One should review primary, secondary, and tertiary oil production at wiki.
I'm getting out of my comfort zone and could be very, very wrong on this, but reading the wiki article as well as Schlumberger definitional resources, and then the new article (linked below), it looks like using nitrogen to help recover oil could fall into either secondary or tertiary production.
Again, outside of my comfort zone, it appears "secondary" production has to do with increasing reservoir pressure whereas "tertiary" production has to with decreasing viscosity. Depending on "how" one used a gas such as CO2 or N2 determines whether it is "secondary" or "tertiary" recovery. EOR is generally "synonymous" with tertiary recovery. (Further confusing matters, there is some suggestion that the operators consider this use of nitrogen to be part of primary production; see below.)
Again, this is all colloquial.
[Confusing matters further, nitrogen apparently can also be used for fracking, or at least has been tried. At the bottom of the blog, I have a "Fracking_Nitrogen" tag, for example.]

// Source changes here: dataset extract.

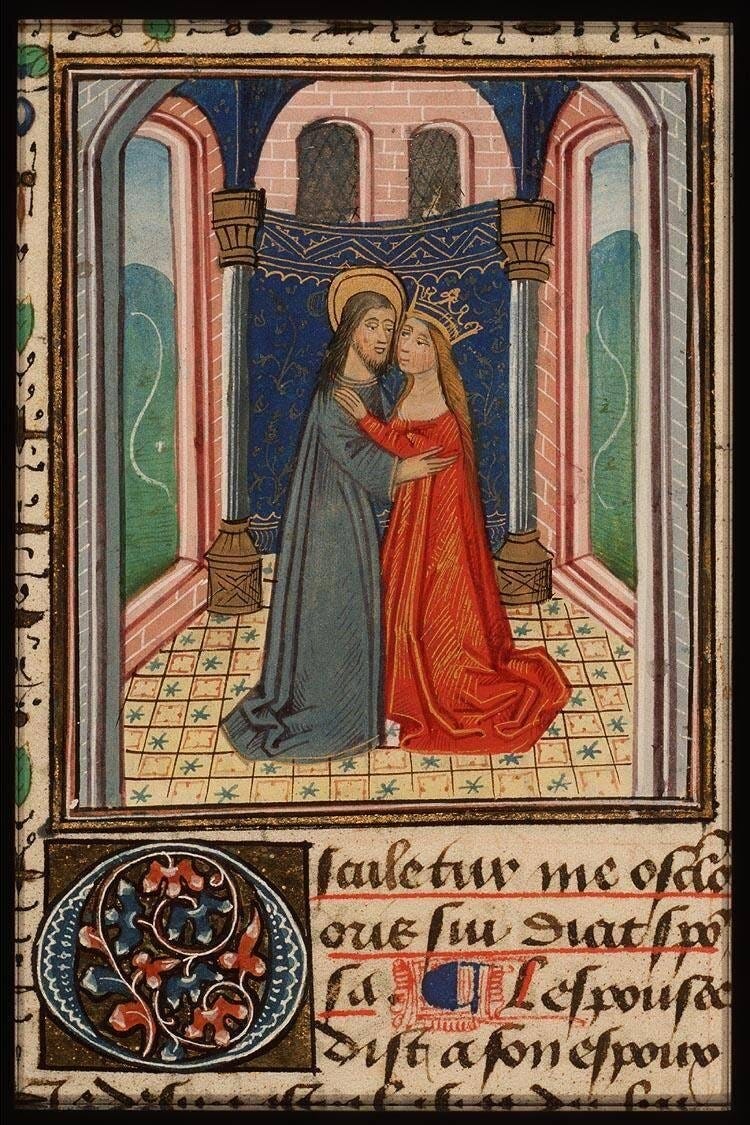 Song of Songs 1:1, Bible moralisée (76 E7, f. 122r): c. 1371 - 1372,  National Library of the Netherlands, The Hague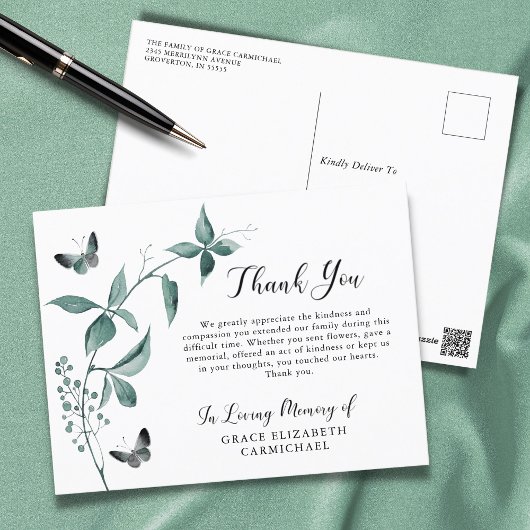 Carte Postale Funeral Thank You Butterfly Botanical Greenery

junewarren-nickle's energy group.com is reporting:
Tundra Oil and Gas Partnership is seeking regulatory approval for an immiscible nitrogen flood in the Middle Bakken/Three Forks tight oil formations in the Daly Sinclair field of southwest Manitoba.
Based in Winnipeg, Tundra is a privately held light oil producer that operated the drilling of 168 wells in Canada last year -- 163 in Manitoba and five in Saskatchewan.
This isn’t the company’s first foray into gas flooding in a tight oil formation. Since August 2008 Tundra has been operating a miscible gas pilot injecting carbon dioxide in the southeast quarter of section 04-08-28W1 within Sinclair Unit No. 1. Last August this pilot was approved for conversion to a water-alternating-gas project.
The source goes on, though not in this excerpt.